The instant case is not one that requires equity to blindly follow the law. Equity courts do not slavishly follow the letter of the law if extraordinary circumstances or countervailing equities call for relief. 27 Am.Jur.2d, page 650. Compare Adler-Built Industries, Inc. v. Metropolitan Dade County, Fla., 231 So. 2d 197, relative the power of an equity court to reduce without statutory authority therefor a statutory tax penalty deemed unconscionable.

12 Fla.Jur., Equity, pages 225 and 226, summarizes Florida appellate court decisions as follows:

"Equity ordinarily follows the law. The maxim cannot, however, be regarded as a general principle. For although equity must be guided by general rules and precedents, and cannot subvert established rules of law, it has a much broader field of action. Indeed, courts of equity evolved to overcome the rigidity of courts of law, and the very purpose of such courts would be defeated if the maxim `Equity follows the law' had universal application."

Equity often fills the gaps and interstices in the law where the law through neglect or oversight fails to protect individuals against hardship and injury. The mere absence of any ameliorating provision in the fingerprint statute providing relief therefrom in specific instances of hardship and injury does not convert such absence or oversight into an affirmative prohibition against equity relief.

Examples have been brought to our attention where "rogues' gallery" records of arrests or charges for petty offenses originally made in youthful years of indiscretion of certain culprits have been used most damagingly to their reputations and their ambitions many years later, long after they had become respected citizens.

The equity court, if it finds some relief is warranted, can fashion its decree to fit the particular circumstances protecting the individual right without doing material harm to the public interest. For example, it could seal the particular file or entry covering a plaintiff's fingerprint or photographic criminal record, subject to reopening for cause at any time, just as unsavory divorce files have often been sealed. Or it could find that the alleged harm of the record to Petitioner was so inconsequential and insignificant as to warrant no relief.
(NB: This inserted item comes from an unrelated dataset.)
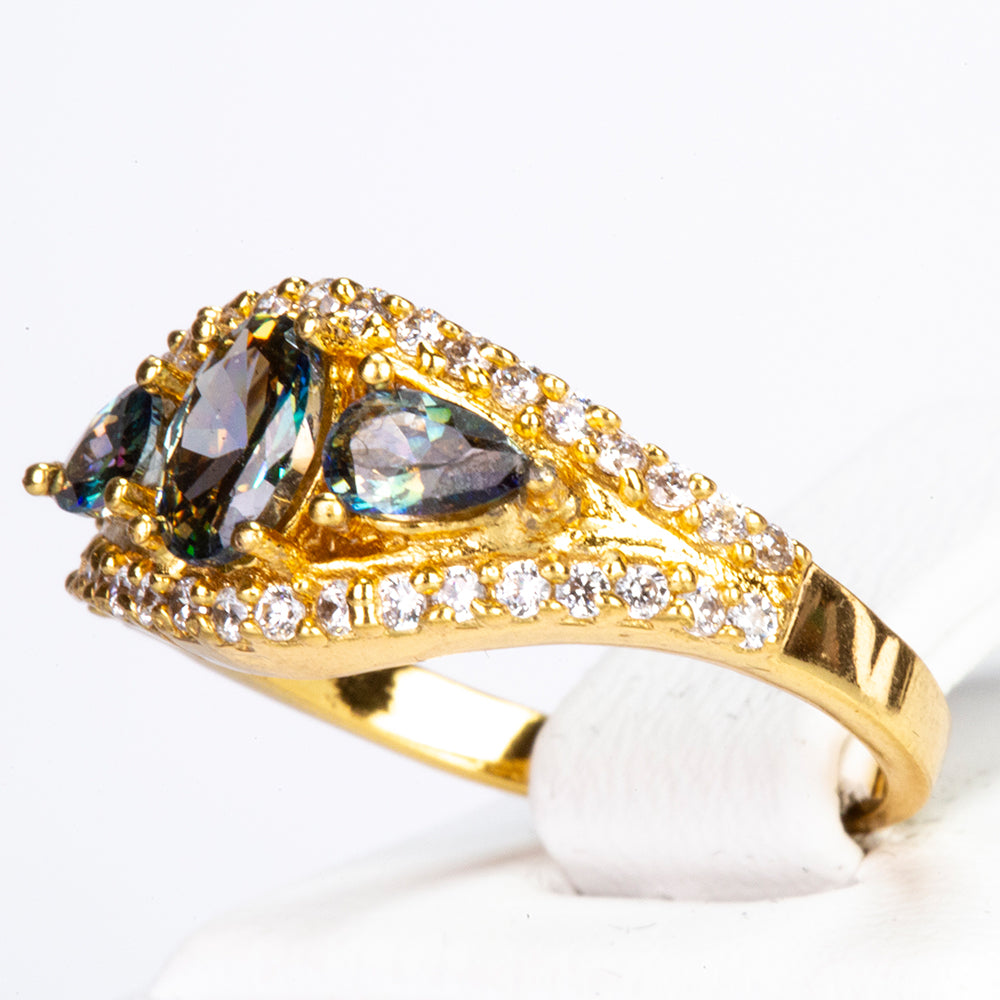 Ring aus goldplattierterr Legierung mit grünem Emporia® Kristall und weißem Emporia® Kristall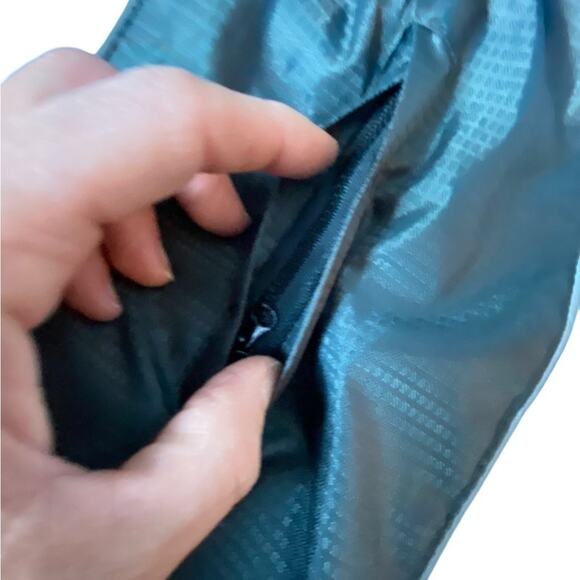 Voyager Dog Windbreaker by Best Pet Supplies - Turquoise, Large NWT - Picture 8 of 9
In summary: It appears to me, first, the relevant statute in nowise precludes equity jurisdiction of the case made by the Petitioner because it does not reach that far; and, second, equity is particularly designed to afford relief to Petitioner by suppression of his fingerprint or photographic criminal record in the sheriff's office or other state office if a clear and convincing showing can be made that the continuing maintenance and use of such public record unreasonably and irreparably harms his individual and economic interests in gaining a livelihood and to reasonably suppress it would not result in harmful injury to the public.

I would quash the decision below with instruction to the District Court to review the merits of the appeal without regard to the fact "there is * * * absence of legislation directing or authorizing the expunging *113 thereof [of such records] in such circumstances." I think the equity courts are historically authorized and perfectly competent and capable of deciding, without the benefit of special enabling legislation, cases of this kind giving due regard to the competing rights of private and public interests.

My disagreement with the decision of the District Court is that it ought not to hold that the equity courts are impotent to afford any relief in a case of this kind, no matter how grievous the injury of the fingerprint and photographic criminal record is to an individual, merely because there is no enabling statute for them to do so.


[*] § 30.31 Fla. Stat., F.S.A., as amended 1969.

"(1) It is the duty of the sheriffs of the state to fingerprint all persons hereafter charged with or convicted of a felony upon so being charged or convicted and to submit such prints to the federal bureau of investigation and the Florida bureau of law enforcement. The sheriffs of the state may fingerprint all persons charged with or convicted of any criminal offense when in their opinion it is necessary for the protection of the public."